EXERCISE AIM
Print the listing in its entirety and exactly, leaving out images.

SOURCE MATERIAL
┌──

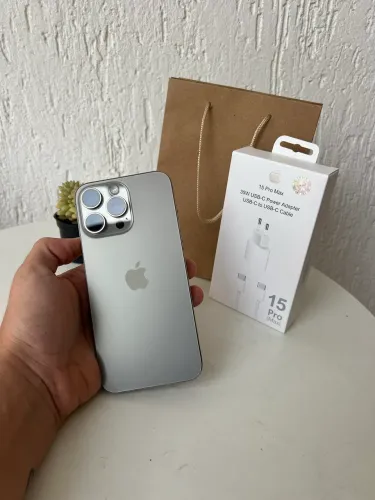 iPhone 15 Pro Max | 256GB | MUITO NOVO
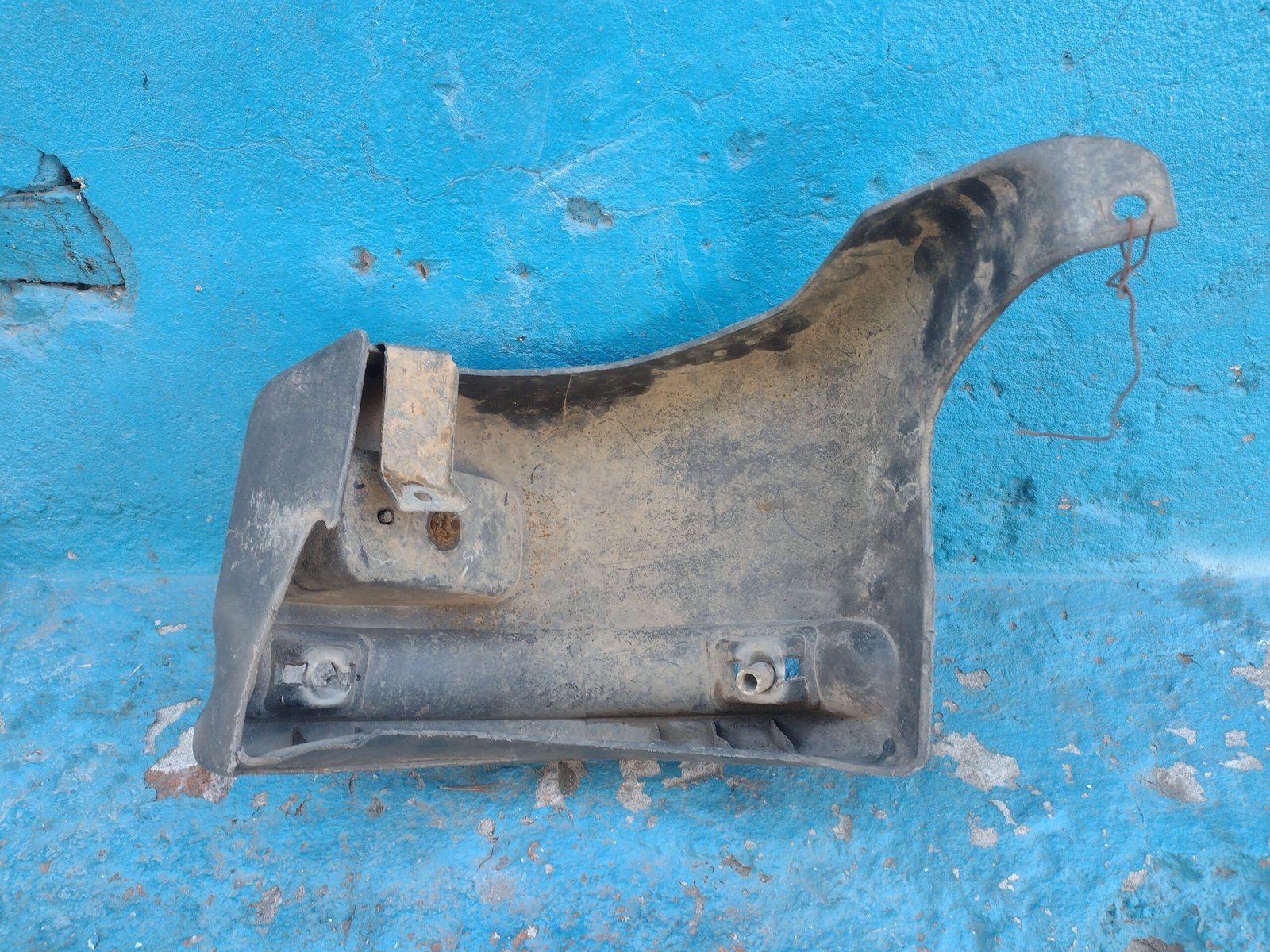 Corner trasero derecho Mahindra Pick Up 2008 - 2017 - Imagen 6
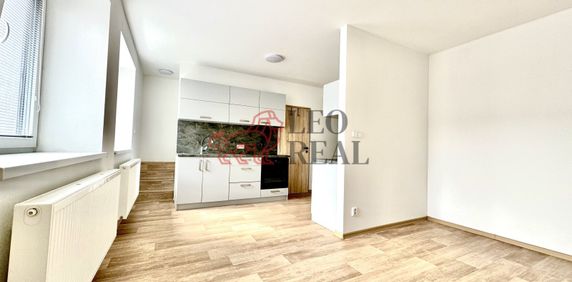 Pronájem bytu 1+kk a garsoniéry 31 m² - Photo 2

└──

OUTPUT OF THE EXERCISE
 iPhone 15 Pro Max | 256GB | MUITO NOVO
 Corner trasero derecho Mahindra Pick Up 2008 - 2017 - Imagen 6
 Pronájem bytu 1+kk a garsoniéry 31 m² - Photo 2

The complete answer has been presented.